Кригер заметил их, но понял по-своему:
— Видать, погиб отец-то?
— Ага…
— Ну, пухом ему земля… А знаешь, в ГДР еще один буденовец живет. Да! В Плауэне, и тоже орденоносец. Я ему недавно письмо написал: давай, говорю, кореш, связь держать. Мол, ты да я — целое конармейское подразделение. В случае чего, если сунется к нам белая сволочь с Запада, — возьмемся за клинки и…
Старик поднял рассеченный кулак над головой, хакнув, опустил его к бедру — словно саблей рубанул!
ГЛАВА VIII
Фрида так и не дождалась сына. Около двенадцати ночи она растолкала Вильгельма, но муж беспечно отмахнулся:
— Подумаешь! Задержался на службе, остался ночевать в отеле. Со спаньем там устроиться можно.
— Вилли еще мальчишка! С ним всякое может случиться. Он там совсем один.
— Не один. Управляющий там — приятель Рольфа, твоего племянника. Заступится, ежели что…
В этот момент появилась Линда. Тихо открыла дверь своим ключом — думала, что все спят давно.
— Хороший был праздник? — бодрым голосом спросила Фрида. — Вдоволь повеселились? — Она не хотела втягивать любимую дочь в неприятности. — Ужинать будешь? Пойдем на кухню.
— Нет, мама, ничего не надо. Прекрасный был праздник!

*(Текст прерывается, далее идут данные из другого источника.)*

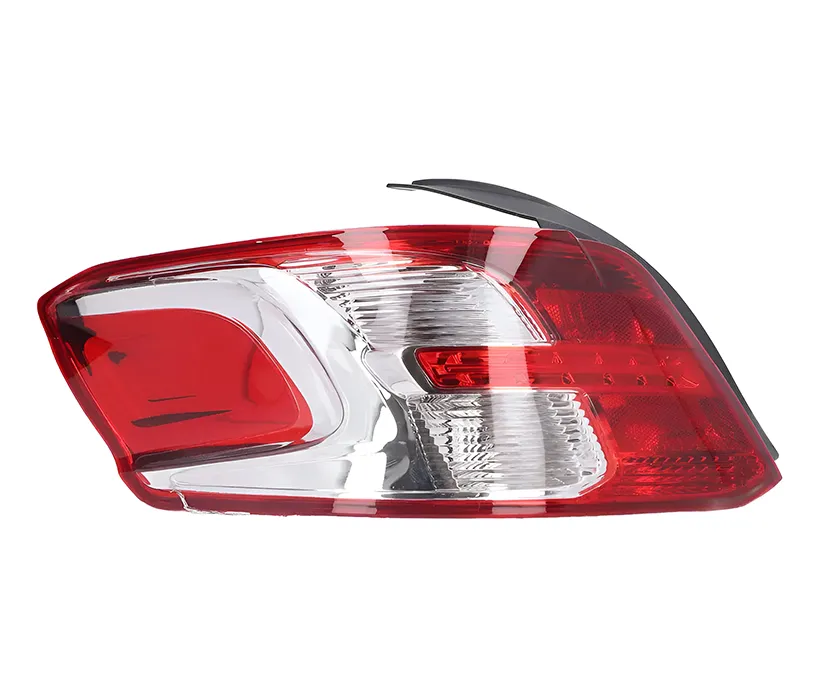 Stop Peugeot 208 Carrocería e Iluminación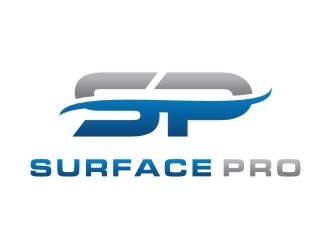 Surface Pro logo design by Franky.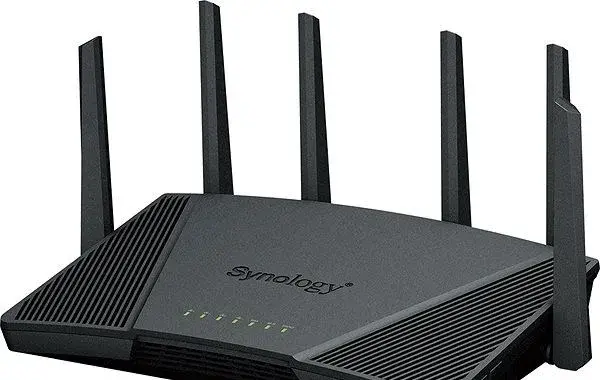 Synology RT6600ax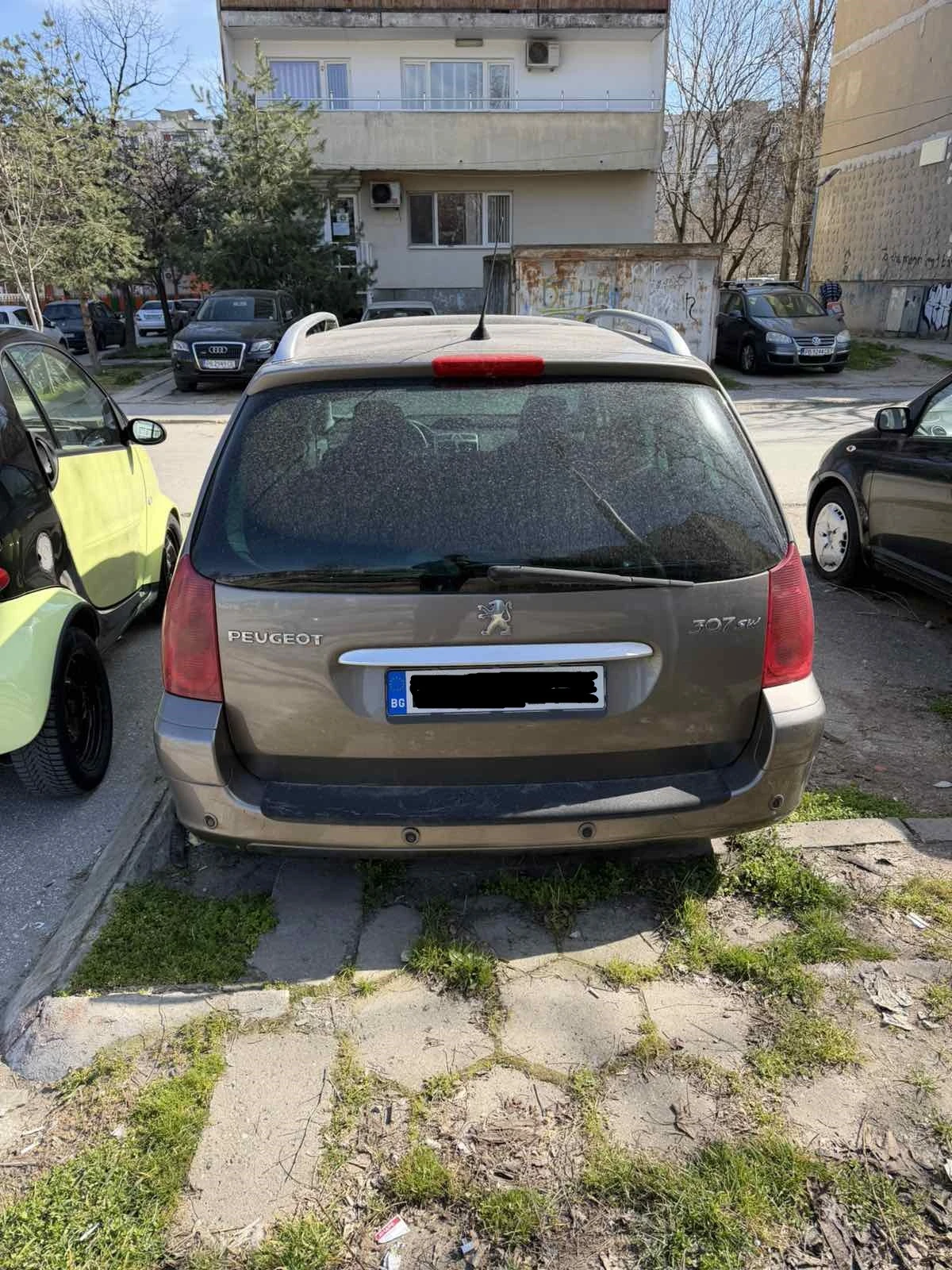 Peugeot 307 307sw - изображение 2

Фрида взглянула на дочь. Такой она ее никогда не видела. Интуиция подсказала, что с Линдой что-то произошло. Может быть, то, на что Фрида давно надеялась?
«Нашелся, видно, кто-то. Только бы не испортила она все своим характером. С мужчинами нельзя быть слишком прямодушной. Дай ей, боже, в меру благоразумия и немножко отваги! А более всего — удачи! Время-то вон какое…»
Вызывать дочь на откровенность Фрида не стала. Если захочет, сама расскажет.
— Что Вилли? — спросила Линда. — Не приходил сегодня?
— Отец говорит: задержался. Остался там ночевать.
— Как же так? — встревожилась Линда. — Нельзя этого допускать! А утром он придет домой?
— Отец говорит, придет, — солгала Фрида, надеясь, впрочем, что Вилли и вправду утром появится. — Ложись-ка спать, гуляка. Завтра рано вставать. Доброй ночи!
— Доброй ночи, мама!
Ночью Фрида слала плохо, но утром встала, как всегда, первой, приготовила завтрак и на стройку успела прийти раньше других — в обязанности помощницы бригадира входила раздача рабочего инвентаря и материала. Удивилась, что кладовщик еще не пришел: на дверях склада висел замок.
Подошли две пожилые женщины, ее давние подружки — бывшие «трюммерфрау», рассказали, что по стройке ходят какие-то люди, предупреждают, чтоб никто не начинал работу без особого распоряжения. Комитет решил бастовать.
— Какой комитет? — спросила Фрида. — Что за особое распоряжение?
Женщины не знали. Кладовщика все не было. Фрида забеспокоилась, пошла искать прораба.
Пробираясь по лесам, она увидела сверху, как Сталиналлее быстро наполняется народом, большей частью рабочими-строителями. Многие еще не заходили к себе на участок: в руках сумки, портфели, свертки с едой.
С противоположной стороны улицы появилась небольшая колонна с транспарантами. Колонна примкнула к стоявшей толпе, но не слилась с нею, а продолжала держаться особняком, привлекая внимание короткими лозунгами, которые слаженно и громко выкрикивали молодые горластые парни. Иногда они скандировали и то, что было написано у них на транспарантах: «Мы выступаем за свои законные права!», «Отменить десятипроцентное увеличение норм!», «Справедливая зарплата за честный труд!», «Бастуем! Все бастуем!»